O velho Oeste
Jeff Bridges é imperial num filme que tem tudo de western moderno mas apenas prova como o género apenas pertence ao passado: Custe o que Custar.
Há ladrões de bancos, um xerife que os persegue, e um rancho hipotecado que precisa de ser salvo das garras dos latifundiários, e uma perseguição com tiros por planícies poeirentas. Mas, como às tantas diz um velhote que não tem mais nada que fazer a não ser jogar dominó no café, ladrões de bancos é coisa que hoje já não há; o xerife está à beira da reforma por velhice; o latifundiário que quer o rancho é um banco, daqueles que não tem problema em expropriar propriedades por falta de pagamento das hipotecas. E a perseguição com tiros? Em vez de cavalos, são carrinhas, camiões de caixa aberta e todo-o-terrenos, e em vez de pistolas são espingardas e metralhadoras.
Não é difícil perceber porque é que se olha para Custe o que Custar como um western moderno, mas o que torna o filme do britânico David Mackenzie mais do que apenas isso é a consciência desarmante que o atravessa de que, mesmo hoje que as planícies do Texas continuam poeirentas e as comunidades habitadas por um punhado de gente teimosa continuam espalhadas pelo território, o tempo já não volta atrás. O que os irmãos Howard querem fazer, roubando pequenas quantias em bancos para “lavar” o dinheiro jogando em casinos e salvar no processo o rancho da família, é travar o ciclo da pobreza, da exploração do rancheiro pelo barão de gado que agora é o banqueiro: logo no espantoso primeiro plano do filme, um longo travelling silencioso que estabelece tudo o que se vai seguir sem palavras, há uma pichagem numa parede que diz “três comissões de serviço no Iraque mas para gente como nós não há resgate”. Se o velho western se construía sobre a esperança de um novo recomeço, sobre a capacidade e resiliência de indivíduos que desbravava território, hoje sobra apenas o desalento e a sobrevivência e o “cada um por si” num mundo onde os dados estão viciados à partida.

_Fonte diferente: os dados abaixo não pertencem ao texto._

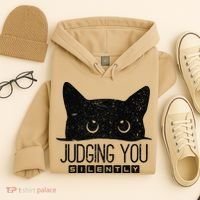 Funny Black Cat Judging You Silently Sarcastic Cat Mom Gift Hoodie thumb 4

Custe o que Custar, então, joga com a iconografia toda do western para a desmontar como uma simples projecção, mais uma imagem do “sonho americano” que a realidade se encarrega brutalmente de desintegrar. Fá-lo apegando-se àquilo que de mais telúrico e permanente ela tem – a paisagem e os homens - mas sem se deixar iludir pela esmagadora grandeza de uma nem pela postura sólida dos outros, e, sobretudo, desfazendo-se por completo do maniqueísmo bem-contra-o-mal. Em seu lugar, apenas uma paleta de cambiantes queimados pelo sol e cobertos pela poeira, com um Jeff Bridges imperial no papel do velho ranger que já viu tudo, testemunha impotente do modo como os tempos mudaram e como o velho Oeste já desapareceu. E um encontro improvável mas certeiro entre a visão desencantada de um argumentista (Taylor Sheridan, já responsável pelo excelente Sicario de Denis Villeneuve) e o olhar exterior de um realizador de visita (o britânico David Mackenzie, que assina aqui, de muito longe, o seu melhor filme). Uma surpresa.